Aired January 27, 2015 - 04:00   ET

THIS IS A RUSH TRANSCRIPT. THIS COPY MAY NOT BE IN ITS FINAL FORM AND MAY BE UPDATED.


(BEGIN VIDEO CLIP)

MAYOR BILL DE BLASIO, (D) NEW YORK: We are facing most likely one of the largest snowstorms in the history of the city.

UNIDENTIFIED MALE: Sooner or later we are going to get hit with the big one, and this may be the one.

UNIDENTIFIED MALE: I don`t believe it when I see it, I guess. I`m hoping maybe it won`t be as bad as they say.

DE BLASIO: New Yorkers should not underestimate this storm. Assume conditions will be unsafe, assume that you didn`t want to be out in the

storm.

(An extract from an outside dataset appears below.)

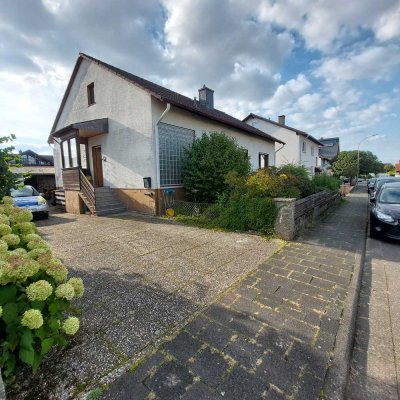 Charmantes Einfamilienhaus mit Ausbaupotenzial und Nebengebäude in ruhiger Wohnlage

When you can stay indoors, stay indoors, when you can stay off the roads, stay off the roads.

(END VIDEO CLIP)

CARL AZUZ, CNN ANCHOR: Starting last night at 11, it was actually illegal for private cars to drive on New York City streets. States of emergency

were declared in New Jersey, New York, Connecticut and Massachusetts. The National Guard was called out in several states, all because of a storm

that officials were describing with words like "historic" and "life- threatening."

It hit last night, and is expected to last through today. It could bring 20 to 30 inches of snow, but that`s only part of the story.

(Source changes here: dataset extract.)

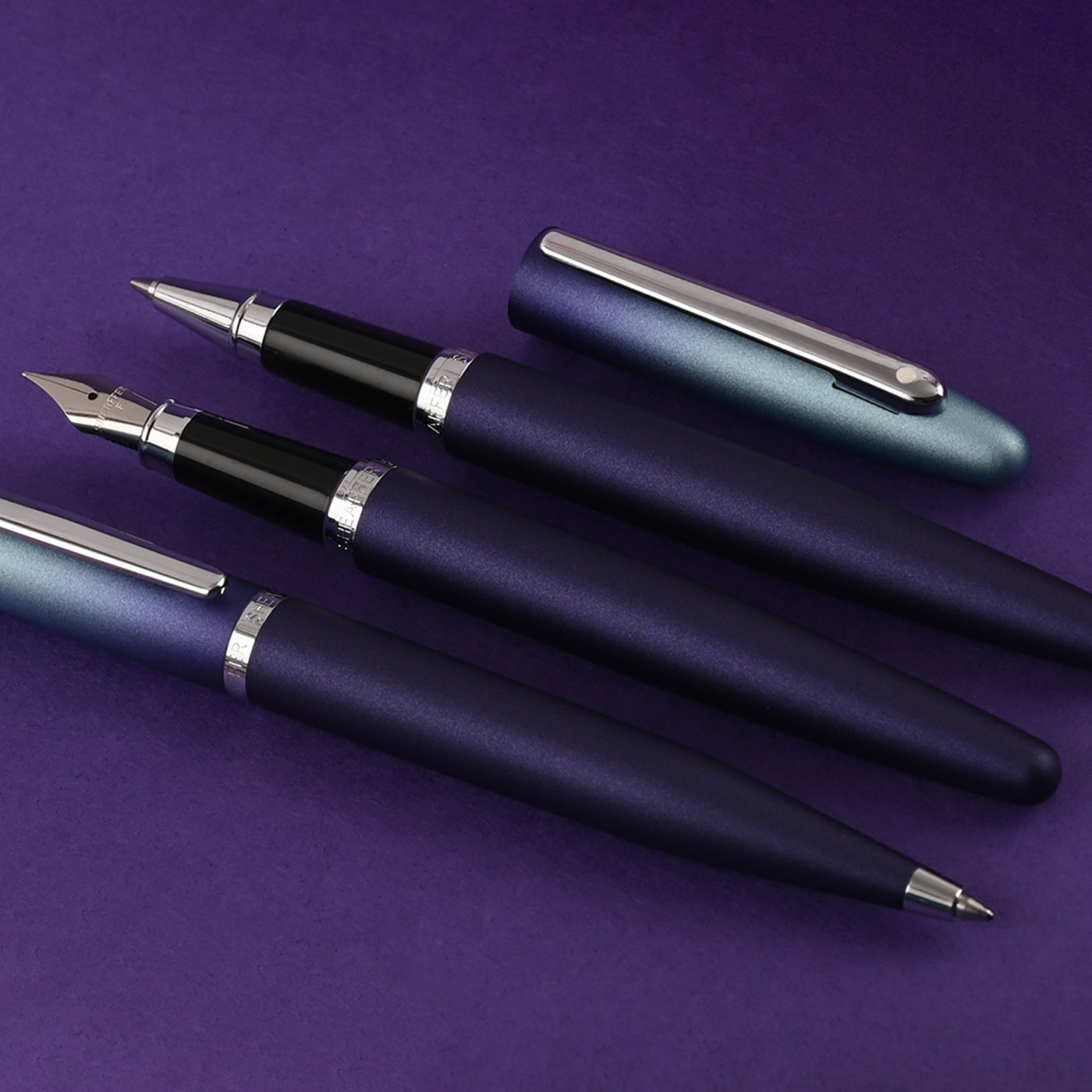 Sheaffer Expressions VFM Ball Pen - Blue & Purple Pearlised Gradient CT 10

Wind gusts of 55 to 65 miles per hour, that`s a force of a tropical storm, will be driving all that snow into the region.

The silver lining is, the 58 million people potentially in the path of this thing, had advanced notice. They were able to stock up on everything from

bread to batteries, to bagels to bathroom tissue. Many stores totally ran out of stock.

Thousands of flights were canceled as people prepared for what forecasters called "a blizzard in the true sense of the word."

(BEGIN VIDEOTAPE) PEDRAM JAVAHERI, CNN CORRESPONDENT: You hear it - time, it`s one of the most overused terms in weather.

A blizzard warning and the blizzard conditions have to be signified when you have snow coming down, you have your winds, they are at least at 35

miles per hour or greater. Now, your visibility is reduced under a quarter of one mile, and not only you have to have all this in place, you have to

have this happening for at least three hours or a longer period of time, for this blizzard - to be issue. One thing to note with blizzard

conditions is once the storm moves, even when the snow have stopped falling, you could be experiencing blizzard-like conditions because the

winds will be howling across the area. So, any sort of drift snow that has been on the ground there will be blown right in front of you, and that will

cause a disruption as far as visibility once again coming down, even though the storm is long gone, you will still be experiencing blizzard conditions.

Now, a fascinating study was done back in 2002, looking at the most prone area across the United States where blizzards occurred, and the most

frequent of area for blizzard were areas around the Dakotas, western Minnesota, onto Wyoming and eventually eastern Colorado. That region saw

the highest likelihood of blizzards every single year.

That study also showed about 2.5 million people for year experience these blizzard-like conditions, now you displaced that into the upper Midwest,

they could say into Chicago or taken into the Northeast into Boston, Philadelphia or New York.

Now, you are talking about tens of millions of people being impacted by blizzard conditions, and that is when this story becomes very dangerous for

a lot of people.

(END VIDEOTAPE)

AZUZ: 70 years ago today during World War II, Soviet troops made their way to a camp in southern Poland. They found a little more than 7600 people

there, starving or injured, or sick, or all three.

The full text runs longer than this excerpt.